Urn containg tickets problem From an urn containing n tickets numbered $1, 2, \dots, n$, $r$ tickets are drawn simultaneously and arranged in increasing order of their numbers $x_1<x_2<\dots<x_r$. Show that the probability that $x_i=s$ is
$$\frac{{s-1 \choose i-1}{n-s \choose r-i}}{{n \choose r}}$$
My attempt
From n tickets, r tickets can be drawn in ${n \choose r}$ ways. From the question, I understand that after drawing the tickets they should be arrangers in increasing order and so their  positions cannot be interchanged. Now I am unable to understand the meaning probability that $x_i=s$.
Please explain the meaning of the question and help me to solve. 
I hope someone can help. Thanks. 
 A: There $\binom{n}{r}$ possibilities when $r$ tickets are drawn without any further conditions. The condition $x_i=s$ can be translated into: from the tickets having a number smaller than $s$ exactly $i-1$ must be drawn and from the tickets  having a number greater than $s$ exactly $r-i$ must be drawn (then automatically ticket with number $s$ will be drawn and this with $x_i=s$).
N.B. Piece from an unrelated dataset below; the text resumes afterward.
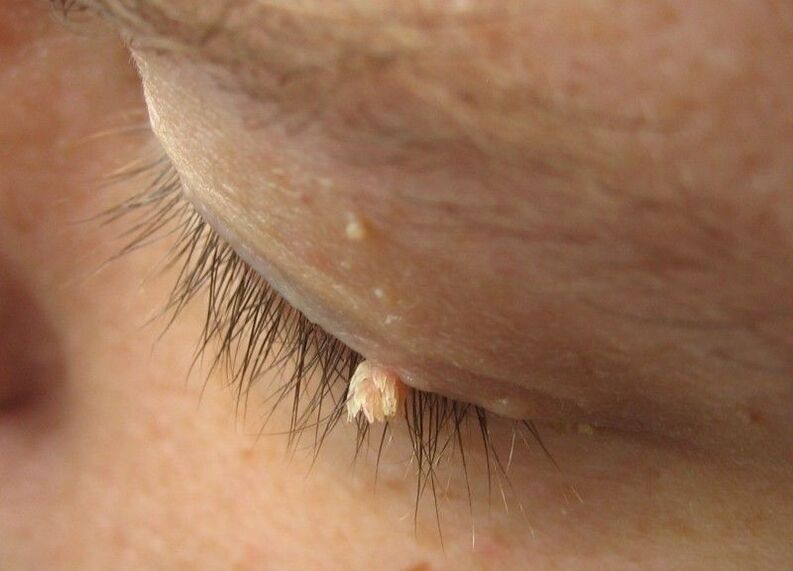 Warzen vor unseren Augen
This gives $\binom{s-1}{i-1}\binom{n-s}{r-i}$ possibilities.

addendum (example):
Suppose $n=7$, $r=5$, $s=4$ and $i=3$. Then we will get $x_3=4$ in the following cases:


*

*$1,2,4,5,6$ (note that here $x_1=1, x_2=2, x_3=4, x_4=5$ and $x_5=6$)

*$1,3,4,5,6$

*$2,3,4,5,6$

*$1,2,4,5,7$

*$1,3,4,5,7$

*$2,3,4,5,7$

*$1,2,4,6,7$

*$1,3,4,6,7$

*$2,3,4,6,7$


The first $2$ comes to choosing $2$ out of $\{1,2,3\}$, so $\binom{s-1}{i-1}=\binom32=3$ possibilities.
The last $2$ comes to choosing $2$ out of $\{5,6,7\}$, so $\binom{n-s}{r-i}=\binom32=3$ possibilities.
That gives $3\times3=9$ possibilities. 
There are $\binom{n}{r}=\binom75=21$ possibilities in total, so the probability that one of the mentioned possibilities will occur is $\frac9{21}=\frac37$.
A: For the $i$-th ticket (when arranged in order) to have value $s$, you would need $i-1$ values less than $s$, and $r-i$ values greater than $s$ (of course you must also choose ticket $s$--one way to do that).  The numerator of your expression shows how many ways there are to do each of these, and then they are multiplied together in accordance with the multiplication rule.